Big Oh Notation

My intuition is that we need a way to represent the “work” an algorithm needs to do. How can we represent work though, since it depends on the size of problem?

That’s where Big-O comes in. It’s basically the function that measure how much work an algorithm needs to complete. Now we can compare how efficient two algorithms are by comparing their Big-O functions.

Big O notation doesn’t just provide a way to account for the “work” the algorithm has to do based on the input size; it’s entire point it trying to represent how the work changes based on the input size, i.e., how the algorithm scales.

Bob can spend 2 months cutting the time your algorithm takes by a factor of then, but the Big Oh won’t care. Because infinity doesn’t care. Letting the input size go to infinity lets us focus on the most important part of this relationship and disregard slower growing terms and constant factors that don’t matter then.

[Notational Sidenote:] Actually, even if Bob modifies his algorithm to depend on the input size linearly instead of cubicly, his algorithm will still be be $O(n^3)$. Here, Big Theta ($\Theta(f(x))$) and Small Oh ($o(f(x))$) are useful to know alongside their more popular brother, Big Oh notation: they represent “grows as fast as” and “grows at least as fast” as respectively and can clear up a lot of confusion. I still would’ve preferred that we just had Big Theta notation and used the $\le$, $=$ and $\ge$ signs as appropriate.

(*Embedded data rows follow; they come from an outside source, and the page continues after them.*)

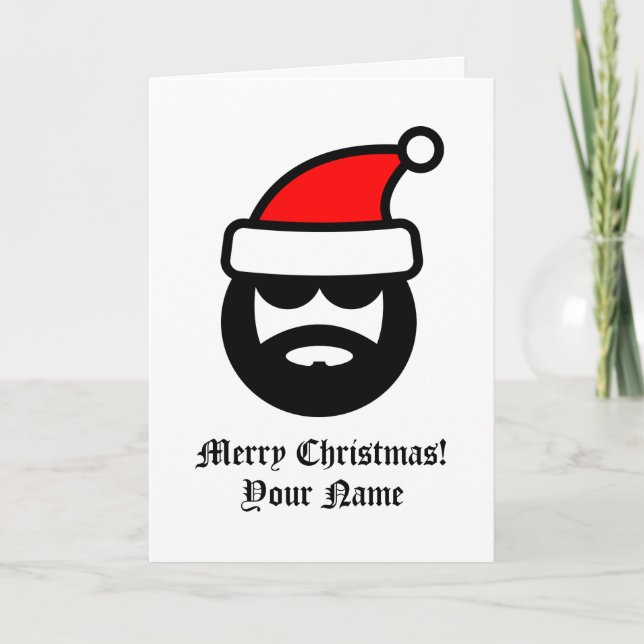 Cartão Legal desenho animado do Papai Noel Feliz Natal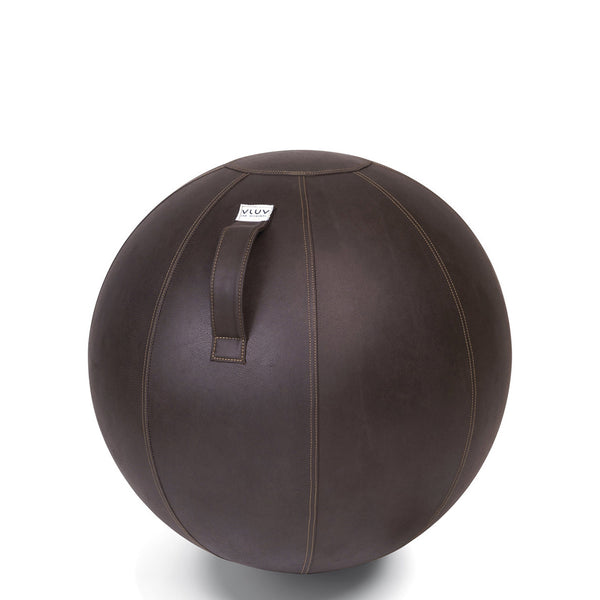 VEEL Leather Seating Ball <br> Mokka <br> (Ø 60-65) cm
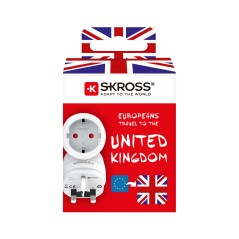 Resetillbehör - Skross reseadapter för anslutning till brittiska eluttag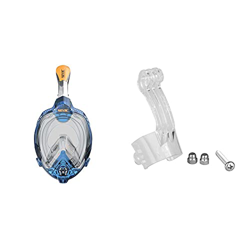 SEAC Magica, Maschera Snorkeling Full Face Integrale Anti Appannamento con Morbido Facciale & Unica, Supporto Action Cam per Maschera Snorkeling Integ en oferta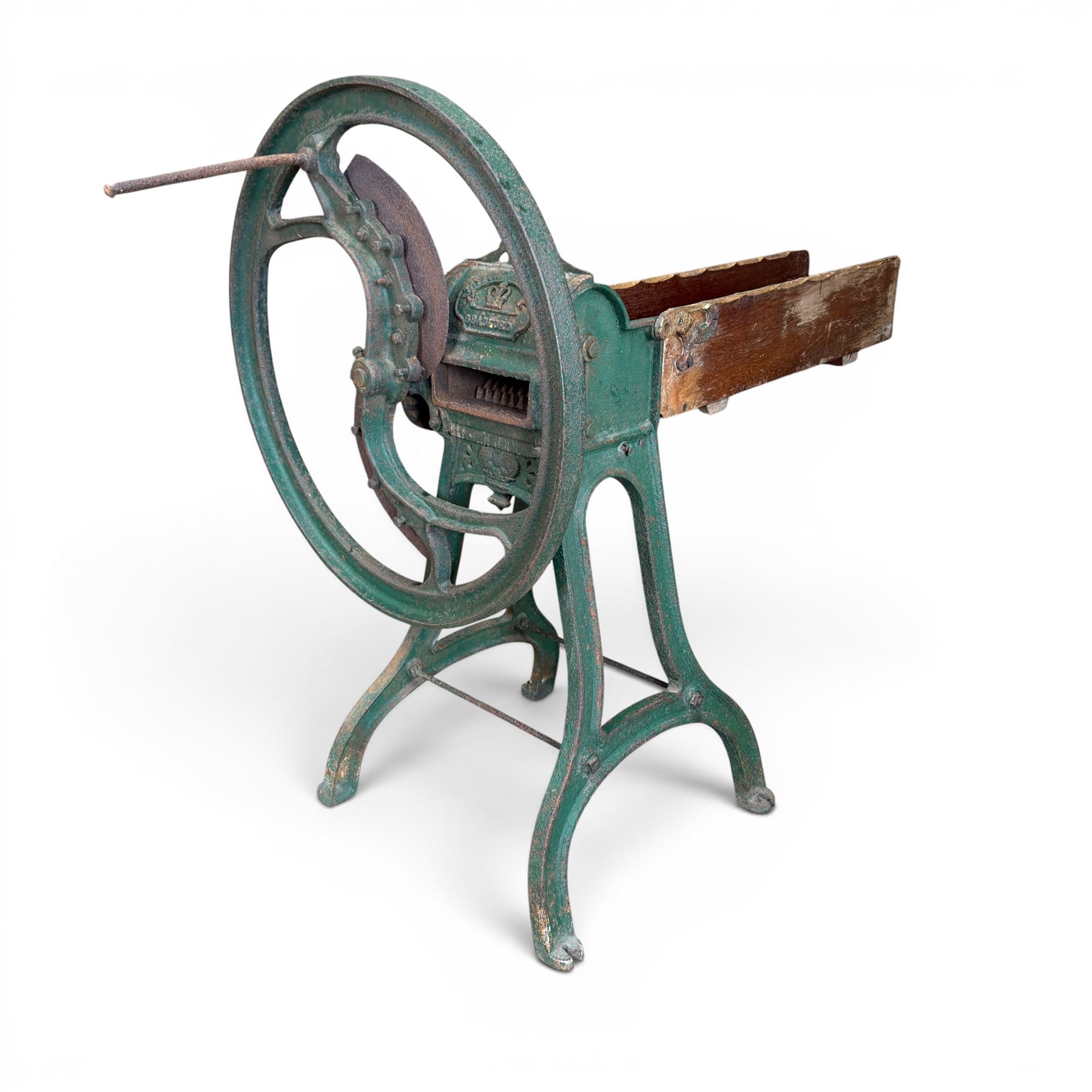 Taylor & Parsons - 19th century cast iron chaff cutter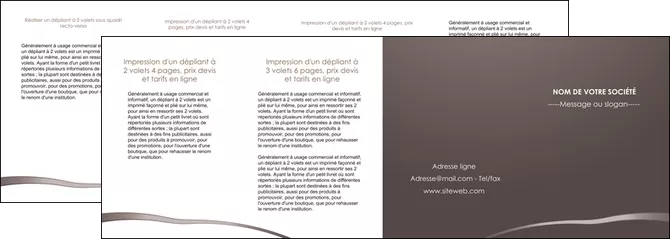 impression depliant 4 volets  8 pages  web design texture contexture structure MIFCH93595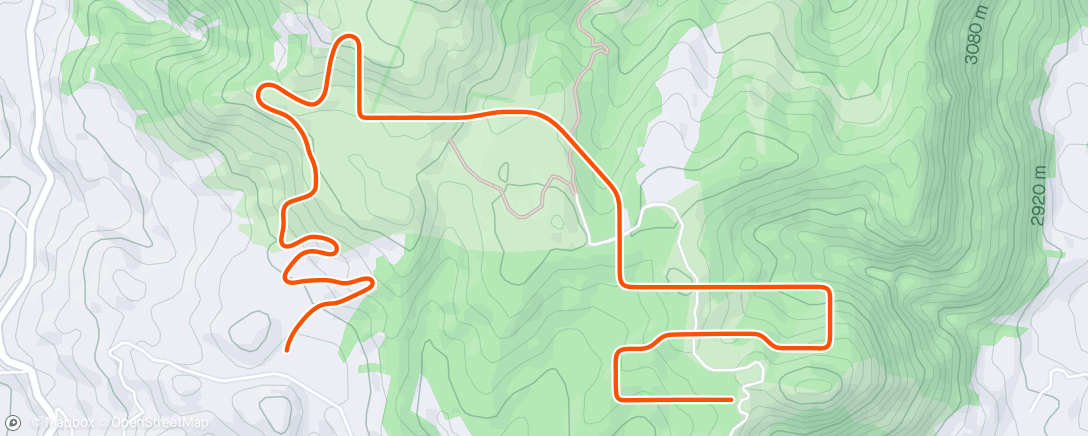Map of the activity, MyWhoosh - Alto del Aguila
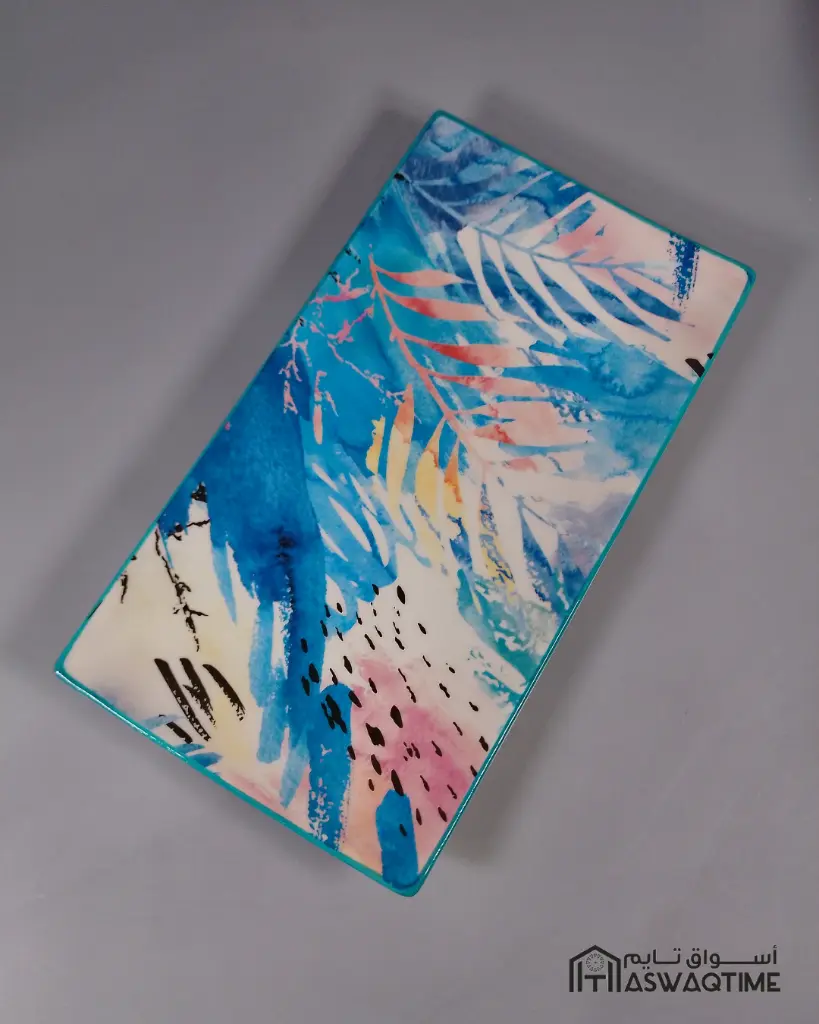 DANNY HOME 11.25" RECTANGULAR PLATE 28.5X15.8X2CM PORCELAIN 586G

Yep, this was a quick note from an email. I think the key intuition is that we can distill an entire algorithm into a function that accounts for how much work we’ll need to do [f(n)]. We can then compare the asymptotic behavior of these simpler representations.

Whoops: I to clarify, it should be something like “Ignoring constant scaling coefficients, create a function representing the work the algorithm does to complete its task”.

(I’m trying to express/hint at the key intuition that we’ve converted vastly different algorithms into simple functions that can be easily compared.)